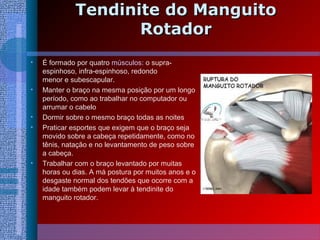 Tendinite do ManguitoTendinite do Manguito
RotadorRotador
• É formado por quatro músculos: o supra-
espinhoso, infra-espinhoso, redondo
menor e subescapular.
• Manter o braço na mesma posição por um longo
período, como ao trabalhar no computador ou
arrumar o cabelo
• Dormir sobre o mesmo braço todas as noites
• Praticar esportes que exigem que o braço seja
movido sobre a cabeça repetidamente, como no
tênis, natação e no levantamento de peso sobre
a cabeça.
• Trabalhar com o braço levantado por muitas
horas ou dias. A má postura por muitos anos e o
desgaste normal dos tendões que ocorre com a
idade também podem levar à tendinite do
manguito rotador.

--------------------------------------------------

YOUR ASSIGNMENT =
Print the preceding material over again exactly. Please leave the pictures out.

EXERCISE ANSWER =
 Tendinite do ManguitoTendinite do Manguito
RotadorRotador
• É formado por quatro músculos: o supra-
espinhoso, infra-espinhoso, redondo
menor e subescapular.
• Manter o braço na mesma posição por um longo
período, como ao trabalhar no computador ou
arrumar o cabelo
• Dormir sobre o mesmo braço todas as noites
• Praticar esportes que exigem que o braço seja
movido sobre a cabeça repetidamente, como no
tênis, natação e no levantamento de peso sobre
a cabeça.
• Trabalhar com o braço levantado por muitas
horas ou dias. A má postura por muitos anos e o
desgaste normal dos tendões que ocorre com a
idade também podem levar à tendinite do
manguito rotador.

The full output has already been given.